Zuverlässige allpolige Trennung mit Power Interlocking
Die EN ISO 14119 beschreibt außerdem den Umgang mit der allpoligen Trennung für Schlüsseltransfersysteme in Kombination mit Lasttrennschaltern. Diese Schaltung im Leistungsteil wird im Englischen auch als Power Interlocking bezeichnet. Die Technologie erzwingt für die Schlüsselfreigabe zuerst die Bedienung eines Lasttrennschalters, der dann die Energieversorgung der Maschine unterbricht.
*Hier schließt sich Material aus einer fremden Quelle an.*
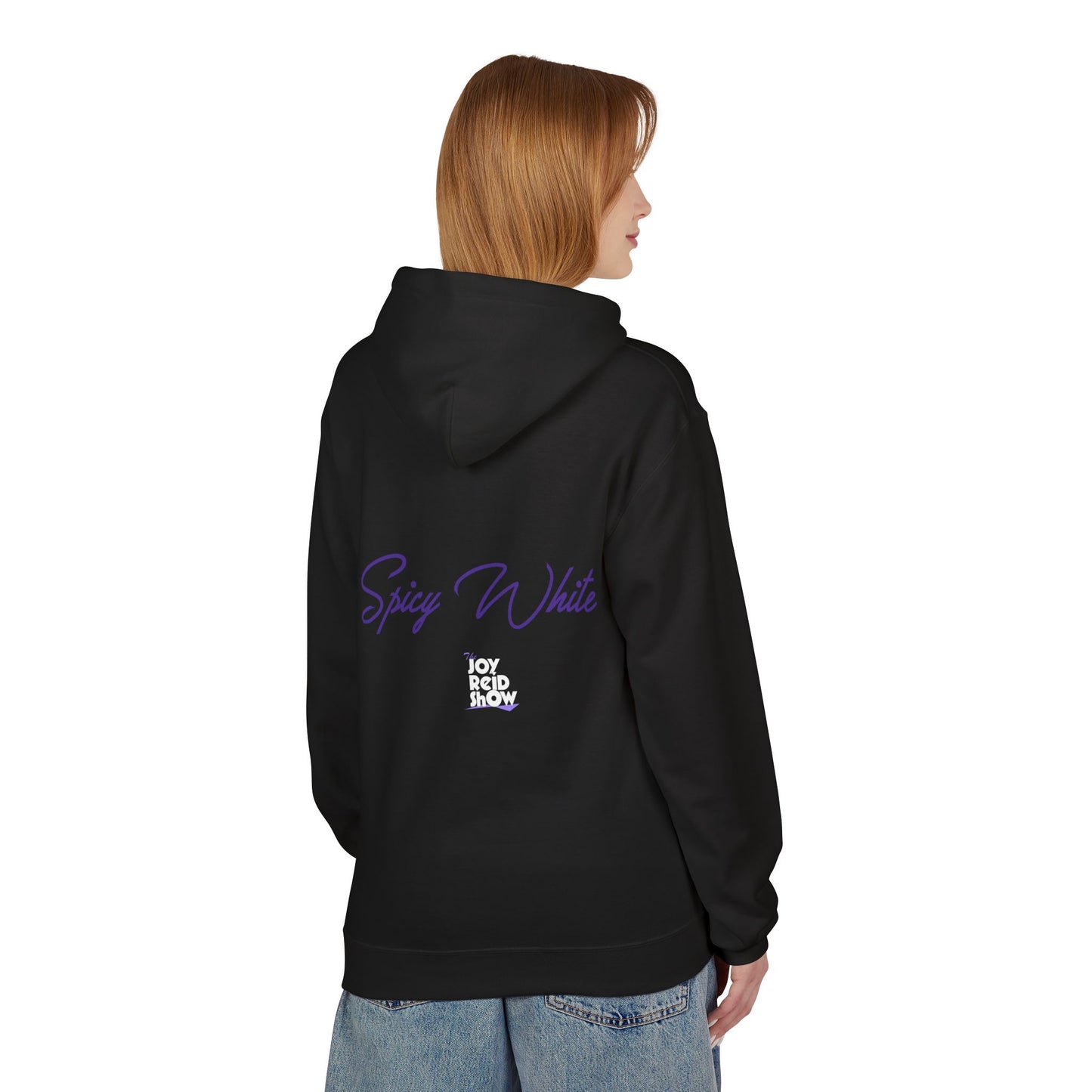Team TJRS Cool Team Hoodie, Spicy White Edition. Casual Wear, Perfect For Cozy Days.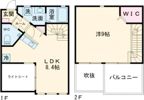 プレミアムアイランド上峰Ⅵの間取り画像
Damit wird gewährleistet, dass die Maschine vor der Schlüsselfreigabe allpolig vom Netz entkoppelt ist.
Beim Power Interlocking tritt jedoch häufig ein Problem auf: Wenn der Lasttrennschalter stets unter Last geschaltet wird, anstatt die Maschine ordnungsgemäß Ein- und Auszuschalten, verkürzt sich die Lebensdauer drastisch. Dold empfiehlt deshalb für allpolige Trennungen, zuerst die Maschine herunterzufahren und danach den Lasttrennschalter zu bedienen. Das schont den Schalter und erhöht die Lebensdauer.
Im Zusammenspiel mit der EN ISO 14119 ist Safemaster STS die richtige Lösung für den Schutz von Mensch und Anlage in der Produktion. Dank der Möglichkeit des mechanischen und verdrahtungslosen Einsatzes ist das System auch im Fehlerfall zuverlässig und robust. Damit spielen Schlüsseltransfersysteme auch mehr als 100 Jahre nach ihrer Erfindung eine wichtige Rolle in der Industrie.